## Try it
Your task is to copy the stretch of lines in the records below that begins with the line containing "278658,Gruß aus d." and ends with the line containing "Miniatura 18 de", exactly as written, with nothing added.

++++++++++++++++++++

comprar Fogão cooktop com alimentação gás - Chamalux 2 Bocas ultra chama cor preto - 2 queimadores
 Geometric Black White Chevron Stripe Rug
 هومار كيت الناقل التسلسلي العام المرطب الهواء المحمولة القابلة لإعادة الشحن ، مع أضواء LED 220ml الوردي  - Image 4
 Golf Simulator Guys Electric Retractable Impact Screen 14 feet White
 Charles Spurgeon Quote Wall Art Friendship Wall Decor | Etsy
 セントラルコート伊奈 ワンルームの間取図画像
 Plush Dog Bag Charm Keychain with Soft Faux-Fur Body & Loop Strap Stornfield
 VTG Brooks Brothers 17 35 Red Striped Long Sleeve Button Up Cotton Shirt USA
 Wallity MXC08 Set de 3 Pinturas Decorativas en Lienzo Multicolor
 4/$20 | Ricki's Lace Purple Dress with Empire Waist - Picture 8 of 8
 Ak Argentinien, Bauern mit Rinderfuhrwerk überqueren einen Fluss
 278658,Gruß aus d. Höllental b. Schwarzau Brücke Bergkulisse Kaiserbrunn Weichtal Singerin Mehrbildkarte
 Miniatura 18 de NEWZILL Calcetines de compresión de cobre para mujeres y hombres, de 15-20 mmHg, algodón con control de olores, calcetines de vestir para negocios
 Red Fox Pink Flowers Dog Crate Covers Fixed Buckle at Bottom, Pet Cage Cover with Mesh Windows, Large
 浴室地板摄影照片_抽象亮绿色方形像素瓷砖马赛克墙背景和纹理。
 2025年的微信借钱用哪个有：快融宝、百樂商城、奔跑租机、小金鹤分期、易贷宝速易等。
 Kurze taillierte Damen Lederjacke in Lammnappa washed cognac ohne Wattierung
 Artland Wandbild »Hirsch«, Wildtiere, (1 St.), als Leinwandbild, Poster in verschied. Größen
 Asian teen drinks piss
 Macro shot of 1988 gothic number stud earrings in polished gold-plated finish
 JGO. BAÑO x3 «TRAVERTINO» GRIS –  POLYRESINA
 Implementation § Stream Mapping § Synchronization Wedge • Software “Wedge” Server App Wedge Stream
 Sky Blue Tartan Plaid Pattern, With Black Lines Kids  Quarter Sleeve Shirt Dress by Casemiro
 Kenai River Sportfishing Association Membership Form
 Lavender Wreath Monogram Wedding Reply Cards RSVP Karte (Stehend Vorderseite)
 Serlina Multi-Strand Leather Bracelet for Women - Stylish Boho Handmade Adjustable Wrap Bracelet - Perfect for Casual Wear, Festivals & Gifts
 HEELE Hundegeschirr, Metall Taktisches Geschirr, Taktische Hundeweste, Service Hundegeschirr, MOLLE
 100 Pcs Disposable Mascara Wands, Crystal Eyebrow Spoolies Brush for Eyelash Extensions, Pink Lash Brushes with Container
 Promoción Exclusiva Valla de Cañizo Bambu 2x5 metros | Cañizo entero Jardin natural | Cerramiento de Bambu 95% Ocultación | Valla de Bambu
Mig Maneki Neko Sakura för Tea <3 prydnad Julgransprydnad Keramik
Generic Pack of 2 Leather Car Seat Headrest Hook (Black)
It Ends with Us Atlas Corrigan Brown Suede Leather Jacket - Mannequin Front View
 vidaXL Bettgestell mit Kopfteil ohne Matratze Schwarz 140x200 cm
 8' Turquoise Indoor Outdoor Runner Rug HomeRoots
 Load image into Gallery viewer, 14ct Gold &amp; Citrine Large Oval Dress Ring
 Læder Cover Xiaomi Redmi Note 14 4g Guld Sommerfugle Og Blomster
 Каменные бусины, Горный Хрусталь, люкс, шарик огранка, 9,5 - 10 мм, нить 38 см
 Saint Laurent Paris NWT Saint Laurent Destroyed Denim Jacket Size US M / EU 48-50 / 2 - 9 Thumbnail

++++++++++++++++++++

## Solution to the exercise
 278658,Gruß aus d. Höllental b. Schwarzau Brücke Bergkulisse Kaiserbrunn Weichtal Singerin Mehrbildkarte
 Miniatura 18 de NEWZILL Calcetines de compresión de cobre para mujeres y hombres, de 15-20 mmHg, algodón con control de olores, calcetines de vestir para negocios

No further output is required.